Social and job-related issues
These kinds of problems stem from external circumstances, which may encompass the following:

  • Social conditions
    This refers to your current social situation, which may include dealing with discrimination (e.g. age, gender, race, or sexual orientation), your lifestyle (e.g. being poor), or anything similar.

  • Your environment
    Living in places that are polluted, noisy, overcrowded, or dangerous because of crime causes protracted stress.

  • Your occupation
    This isn't just about having a bad day at work; major occupational stressors like having a mean boss or being dissatisfied with your work can lead to chronic anxiety.

  • Unemployment
    On the other hand, the lack of employment cases long-term stress as well, especially for people who are chronically unemployed.

Post-traumatic stress
This refers to a condition of lasting emotional and mental stress caused by serious injury or a severely traumatic event like war, a natural calamity, or sexual abuse. Such events can lead to conditions such as post-traumatic stress disorder and acute stress reaction (otherwise known as mental shock or simply shock).

Consequences of prolonged stress

A little bit of stress shouldn't be a problem. In fact, it helps the body deal with problems and threats. Prolonged exposure to stress, however, will take a toll on the body and mind, and can lead to a number of health problems including the following:

  • Cardiovascular conditions like hypertension, heart disease, and arrhythmia. Chronic stress can even lead to stroke and heart attacks.

  • Mental health problems such as depression and personality disorders.

  • Sexual dysfunction like premature ejaculation and impotence for men, and loss of libido in both genders.

  • Hair and skin problems such as eczema, psoriasis, acne, and hair loss.

  • Gastrointestinal conditions such as inflammatory bowel disease, gastro-oesophageal reflux disease (aka acid reflux), and gastritis.

How to deal with stress

Here are several ways you can cope with stress:

Method #1: Make changes to avoid the stress
If you can't avoid the specific source of your stress, then find ways to make changes. This usually means you'll have to change how you work, function, and/or communicate.

Method #2: Avoid unnecessary stressors
While not all stressors can be avoided, you can eliminate several of them. You can avoid people that stress you out, steer clear of topics that cause arguments, and practice how to say no when it's necessary.

Method #3: Adjust to the stressors
Sometimes, making changes isn't enough to avoid or eliminate the stress; you can instead make personal adjustments. For instance, you can try to learn to let go and be agreeable with "good enough", especially when there's no need for a task to be be perfect.
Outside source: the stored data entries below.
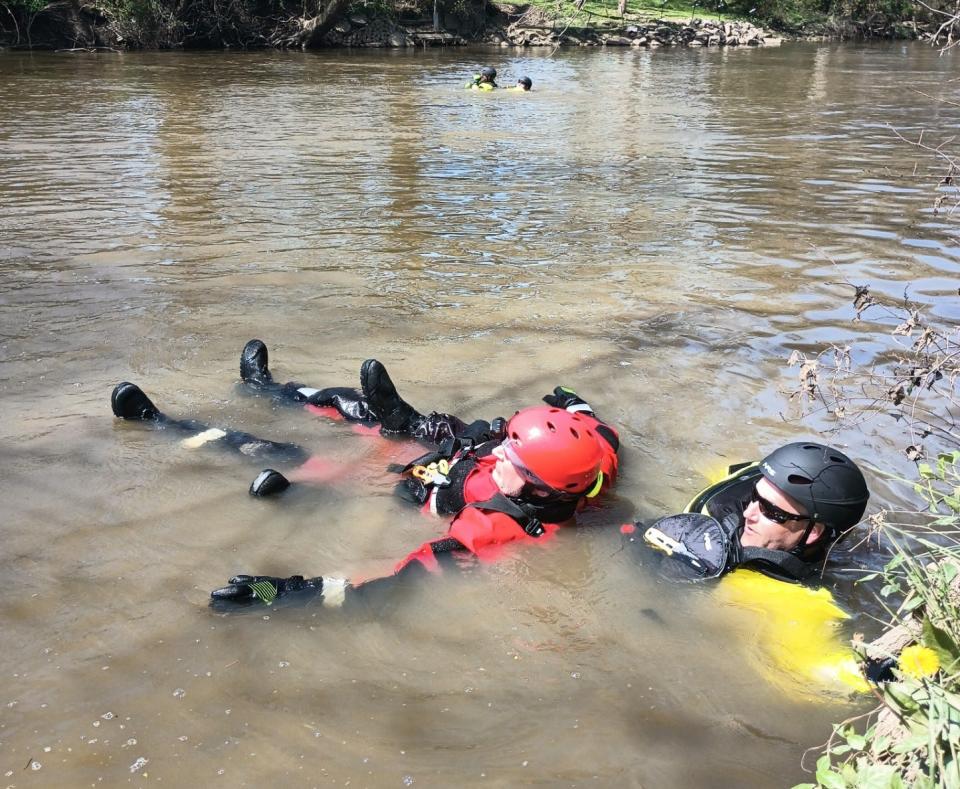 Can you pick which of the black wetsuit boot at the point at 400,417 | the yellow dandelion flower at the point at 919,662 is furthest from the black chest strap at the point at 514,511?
the yellow dandelion flower at the point at 919,662

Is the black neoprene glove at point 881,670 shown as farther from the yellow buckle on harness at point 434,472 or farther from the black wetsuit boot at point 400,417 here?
the black wetsuit boot at point 400,417

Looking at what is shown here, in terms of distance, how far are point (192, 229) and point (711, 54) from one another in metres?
33.2

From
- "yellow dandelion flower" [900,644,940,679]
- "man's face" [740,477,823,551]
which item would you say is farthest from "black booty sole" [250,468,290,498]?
"yellow dandelion flower" [900,644,940,679]

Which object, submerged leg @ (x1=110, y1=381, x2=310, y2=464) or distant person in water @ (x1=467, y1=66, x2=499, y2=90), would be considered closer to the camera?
submerged leg @ (x1=110, y1=381, x2=310, y2=464)

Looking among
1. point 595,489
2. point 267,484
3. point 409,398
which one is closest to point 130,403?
point 267,484

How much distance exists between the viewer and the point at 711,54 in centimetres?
3594

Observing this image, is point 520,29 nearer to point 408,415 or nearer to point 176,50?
point 176,50

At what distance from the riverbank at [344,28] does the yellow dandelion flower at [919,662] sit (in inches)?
927

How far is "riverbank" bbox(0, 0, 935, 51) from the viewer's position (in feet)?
95.9

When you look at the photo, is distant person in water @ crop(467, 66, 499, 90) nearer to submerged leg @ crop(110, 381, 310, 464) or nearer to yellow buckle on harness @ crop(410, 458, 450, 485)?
submerged leg @ crop(110, 381, 310, 464)

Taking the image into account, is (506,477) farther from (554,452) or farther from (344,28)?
(344,28)

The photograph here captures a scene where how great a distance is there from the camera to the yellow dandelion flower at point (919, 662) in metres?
1.99

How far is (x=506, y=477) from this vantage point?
13.9 feet

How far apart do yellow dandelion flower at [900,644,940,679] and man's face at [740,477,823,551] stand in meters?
1.70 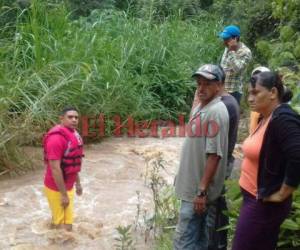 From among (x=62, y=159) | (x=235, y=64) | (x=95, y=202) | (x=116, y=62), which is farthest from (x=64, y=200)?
(x=116, y=62)

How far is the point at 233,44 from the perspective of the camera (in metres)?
6.51

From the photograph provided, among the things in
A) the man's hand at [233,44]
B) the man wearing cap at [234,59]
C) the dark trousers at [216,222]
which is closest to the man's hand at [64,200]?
the dark trousers at [216,222]

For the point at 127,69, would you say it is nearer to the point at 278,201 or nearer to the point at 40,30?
the point at 40,30

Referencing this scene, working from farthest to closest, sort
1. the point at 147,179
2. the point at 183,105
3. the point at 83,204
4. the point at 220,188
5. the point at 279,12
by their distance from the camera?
the point at 183,105 < the point at 279,12 < the point at 147,179 < the point at 83,204 < the point at 220,188

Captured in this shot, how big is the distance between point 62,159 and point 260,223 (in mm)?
2053

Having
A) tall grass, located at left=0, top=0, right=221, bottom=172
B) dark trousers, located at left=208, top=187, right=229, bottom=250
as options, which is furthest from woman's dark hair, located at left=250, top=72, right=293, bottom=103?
tall grass, located at left=0, top=0, right=221, bottom=172

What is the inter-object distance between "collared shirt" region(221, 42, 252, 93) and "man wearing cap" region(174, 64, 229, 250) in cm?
312

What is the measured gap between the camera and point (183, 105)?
32.3ft

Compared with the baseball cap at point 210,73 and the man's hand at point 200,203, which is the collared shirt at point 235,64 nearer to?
the baseball cap at point 210,73

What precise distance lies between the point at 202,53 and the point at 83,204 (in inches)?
249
Method #4: Accept the situation
There are some causes of stress that are beyond your control. Things like the weather, economic difficulties, and aging are unavoidable. Rather than agonising over them, it's better to accept the situation.

Method #5: Make time for relaxation and fun
Dealing with stress isn't just about making changes, adjusting, or accepting things. You also need to take the time to relax and have fun so that you're ready for stressors when you inevitably encounter them.